Some Contact Follow-Up Basics

  1. Acquire the contact’s information, don’t just give your own. If you have a card, offer yours and ensure you have some means of contacting the other person. E-mail, phone, Skype, IG, FB, so many these days to choose from. How can you manage some level of initiative in the process without a means to reach out to them?
  2. Send a refresher message. Within a day, send a message of appreciation. Especially if this is not just a personal connection and you recognize there are greater professional opportunities. This message is similar to a thank you letter but briefer. Your intent is to just acknowledge your first meeting and you’re interest in connecting again. This is an opportunity to add in a timetable or specific location to meet. This will initiate the series of contacts that eventually lead you to locking down a time.

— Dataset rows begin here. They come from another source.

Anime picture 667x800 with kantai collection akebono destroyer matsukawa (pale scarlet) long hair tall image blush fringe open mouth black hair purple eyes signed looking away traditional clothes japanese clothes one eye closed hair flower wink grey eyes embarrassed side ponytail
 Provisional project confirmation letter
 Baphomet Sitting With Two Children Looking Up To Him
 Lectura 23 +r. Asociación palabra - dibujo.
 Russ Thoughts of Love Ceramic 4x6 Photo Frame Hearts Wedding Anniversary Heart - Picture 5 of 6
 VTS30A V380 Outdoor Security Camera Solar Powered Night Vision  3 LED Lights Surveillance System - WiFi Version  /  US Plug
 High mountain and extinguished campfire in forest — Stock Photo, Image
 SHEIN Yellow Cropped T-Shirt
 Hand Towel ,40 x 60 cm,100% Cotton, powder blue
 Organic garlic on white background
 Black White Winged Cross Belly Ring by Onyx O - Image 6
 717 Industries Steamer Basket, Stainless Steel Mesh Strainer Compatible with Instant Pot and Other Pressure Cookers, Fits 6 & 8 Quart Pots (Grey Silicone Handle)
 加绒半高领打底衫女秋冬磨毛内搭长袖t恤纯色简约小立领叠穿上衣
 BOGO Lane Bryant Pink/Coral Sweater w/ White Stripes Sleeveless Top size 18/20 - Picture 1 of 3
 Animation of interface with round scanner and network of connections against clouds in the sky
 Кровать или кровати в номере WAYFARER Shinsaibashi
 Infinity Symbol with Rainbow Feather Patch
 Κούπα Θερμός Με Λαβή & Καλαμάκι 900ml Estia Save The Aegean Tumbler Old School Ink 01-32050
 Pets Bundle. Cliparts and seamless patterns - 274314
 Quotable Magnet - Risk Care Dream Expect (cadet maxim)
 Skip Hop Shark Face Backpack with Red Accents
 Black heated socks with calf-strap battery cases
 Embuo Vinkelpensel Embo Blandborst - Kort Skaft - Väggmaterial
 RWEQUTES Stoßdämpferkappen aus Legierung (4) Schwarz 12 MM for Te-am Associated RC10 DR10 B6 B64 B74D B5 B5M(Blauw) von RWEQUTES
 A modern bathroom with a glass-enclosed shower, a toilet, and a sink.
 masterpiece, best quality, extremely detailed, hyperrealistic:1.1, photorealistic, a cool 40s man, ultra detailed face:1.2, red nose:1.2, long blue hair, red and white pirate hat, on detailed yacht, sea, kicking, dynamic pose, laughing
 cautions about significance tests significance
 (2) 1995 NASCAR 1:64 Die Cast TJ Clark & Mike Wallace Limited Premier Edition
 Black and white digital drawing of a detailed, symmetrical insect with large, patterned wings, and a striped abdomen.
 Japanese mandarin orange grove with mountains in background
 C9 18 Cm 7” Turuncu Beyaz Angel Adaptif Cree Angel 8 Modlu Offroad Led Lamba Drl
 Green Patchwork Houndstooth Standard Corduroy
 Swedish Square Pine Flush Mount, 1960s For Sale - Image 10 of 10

  3. Confirm your meeting the day before. Unless you contact on Monday and schedule on Tuesday, it serves you to send a reminder E-mail or text message to reconfirm your meeting. This creates space in case something comes up on their end that delays or forces a reschedule.
  4. Second follow up message. If you don’t hear back from your initial refresher message, you can send a second to acknowledge you sent the first one and didn’t hear back. You may raise the question of interest, “Hello John, I’m following up on my previous message to set an appointment with you on XYZ. Haven’t heard back from you within the week’s time, so I’d like to revisit your interest in discussing our potential venture. I look forward to hearing from you. Sincerely, John.”
  5. End cycle. If you do not receive a response after this, after at least 3 days, leave the contact alone and move on.
  6. Repeat. With variation of course.